I used to have pretty unreasonable standards when it came to men. I’d turn them down no matter how great they seemed, simply because they didn’t meet the very specific set of expectations I’d developed over the course of my life. I stayed single for years, until one day, I finally gave up on the fantasy of meeting the ideal guy altogether – a motionless and slightly faded 27” x 41” poster image of Aragorn, from the Lord of the Rings trilogy. Now, I’m finally ready to settle for a man who’s not that poster.
Everyone needs to have standards, but mine were keeping me from finding love with any man who wasn’t a poster of Aragon I taped to my wall in ninth grade. I compared every man I met to the man on that poster, judging whether or not he could fight orcs, raise an army of the undead as the true king of Gondor, or stay put on my wall for years and years, even after it got to be a little weird.

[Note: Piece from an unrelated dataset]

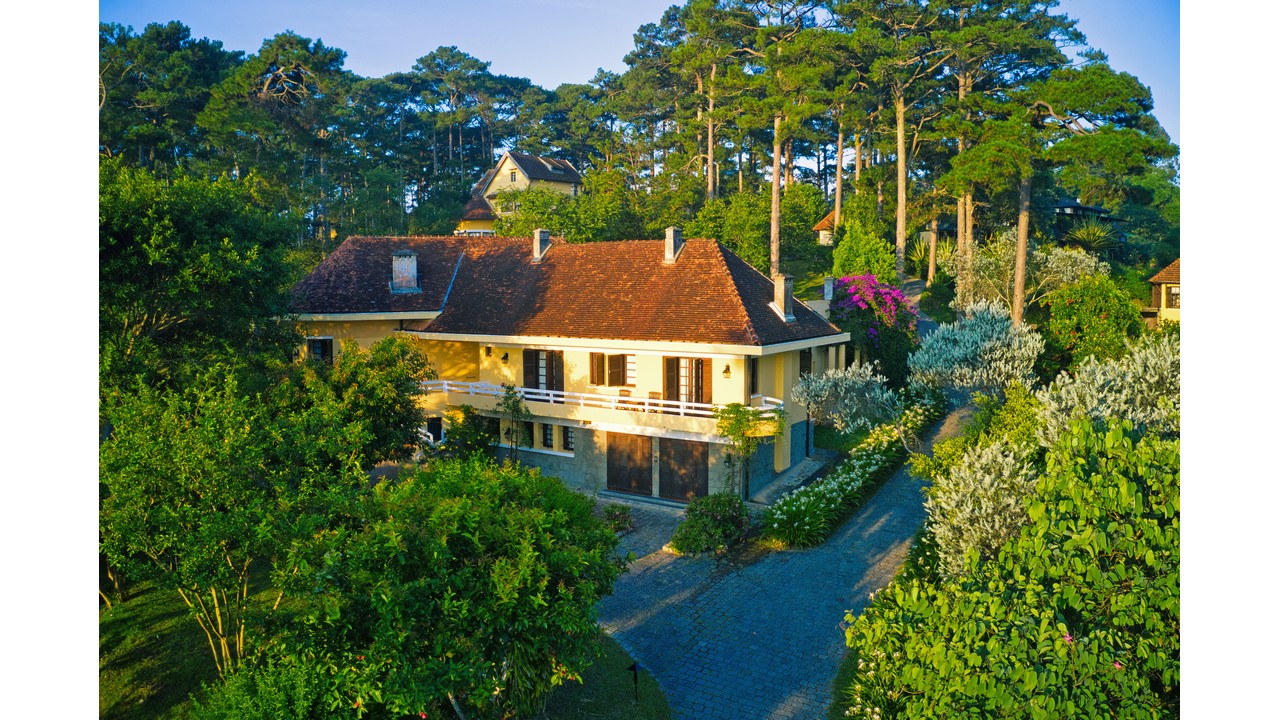 Ana Mandara Villas Dalat Resort & Spa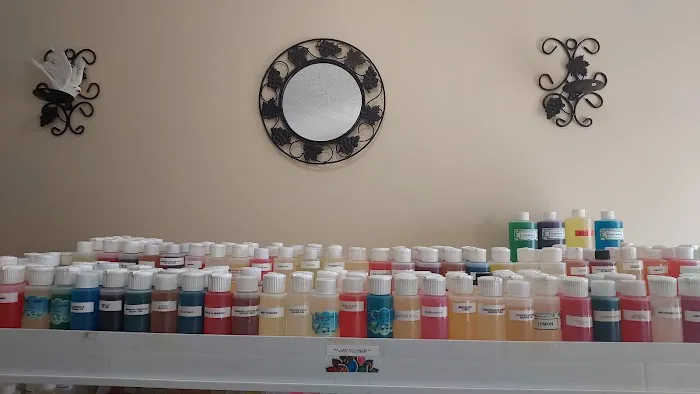 Keba Fragrance Oils 0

But I’m through with those expectations now, and I’m happy to say I’m dating a regular guy named David I met at a boat party. He might not have the pure heart or excellent swordwork of Aragorn, son of Arathorn, but he loves me very much and he’s a real human man who can walk and talk back to me, unlike my poster, which has never said a word no matter how times I’ve shouted, “Stand, Men of the West!” at it (approx. 200 times).
I do still enjoy the films regularly.
Anyway, I’m glad to say I’m no longer adamant about my old standards. They only set me up for disappointment when I realized, time and again, no man in my life would ever possess every single quality I looked for in a poster of Aragorn. At best, they would only possess one or two, for example, if they had a beard or their nickname was “Strider.”
But the most elusive quality he had was being a two-dimensional movie poster. I never, ever found a guy who could be that for me so I had to give up on it entirely. If you find yourself in the same situation, here’s my advice: Sometimes you have to meet men where they are. A man can’t be a poster any more than Aragorn can keep his lineage a sectre, so don’t demand he become something he isn’t, especially not on your first date. I had to learn through experience you should never unfurl a poster of Aragorn at a Buca Di Beppo on a first date, point to it and say, “Can this be you?”
After all, dating isn’t about trying to make someone become your poster of Aragorn; it’s about finding someone you truly love for who they are. And that’s why I feel so free now that I’ve finally settled for a man who’s not just a picture of the Ranger of the North, heir of Isildur and confidante of Gandalf the White Wizard. He’s just a regular human guy named David and I love him for that.